Corner of the Sky

Part 24

It was the middle of October, a rainy Friday in which every lamp had stayed lit all day. An inspector came striding in, brandishing his identity card in glass, followed by seven or eight officers. “Papers out!” he snapped. “Which one of you is Cartoux?”

“I am.” Cartoux showed a remarkable self possession. “How can I help you, monsieur?” Feuilly was shaking, and only with trouble could he produce his forged livret from his pocket. Were they here for the papers or had they finally identified the dead man and now came for the murderer? Could they, after so long? He finally dared look at Sophie, who was white as a sheet, staring at the passport she had placed on the table.

“You’re shut down as of this moment. License revoked on order of His Majesty. And you’re all under arrest.”

“Even the women?”

“Even the women.”

“Am I permitted to ask for what crime?”

The inspector paused, as if thinking it over, but finally did answer. “Treason.”

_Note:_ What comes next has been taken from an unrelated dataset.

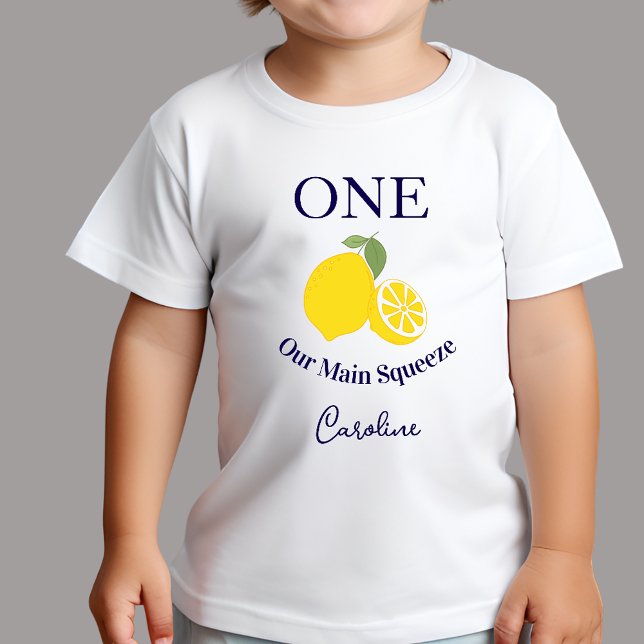 Bébé T-Shirt d'anniversaire pour enfants Main Squeeze (Créateur téléchargé)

Sophie grasped Feuilly’s hand, hers cold and clammy with fear. But Feuilly relaxed a bit. He took no pleasure in the arrest, but treason was unlikely to translate to murder. M. Albert would be pulled in as well, certainly - it must be about the Poles, with Cartoux in the unfortunate position of having employed conspirators, but M. Albert’s employer was almost certainly in the same position. But acts against a foreign power were not so likely to land him headless in the place de Grève. Unless they followed the forged livret, and someone squawked, and then, instead of rescuing Sophie after doing his stretch - why keep him locked up forever for drinking with conspirators against a foreign government? - he would end up losing his head anyway. The only thing to do was to go along as calmly as possible and give them no reason to care to follow where the livret had come from. It was the best forgery he could afford, after all, from a master craftsman, hardly a cheap fake. Unless it all came back to the murdered man, and the rest was merely theatre to put him at his ease.

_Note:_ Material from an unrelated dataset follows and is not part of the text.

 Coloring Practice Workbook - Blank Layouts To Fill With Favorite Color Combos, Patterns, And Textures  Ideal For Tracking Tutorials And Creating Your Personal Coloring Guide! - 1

The workmen and Cartoux were taken away in one closed carriage while the women were taken in another. At the nearest station, Cartoux was taken directly to an interrogation room while his three employees were locked in a holding cell. Feuilly had never had the bad luck to be on this side of the bars, though he had frequently been sent to deliver messages in the guise of a man’s son, but neither of the others had been so unlucky, either. He sat down on the floor and composed himself as best he could. Whatever happened, his only choice was to act with honour, to behave in a manner that would make Babet proud, as that was the world he had so brusquely re-entered.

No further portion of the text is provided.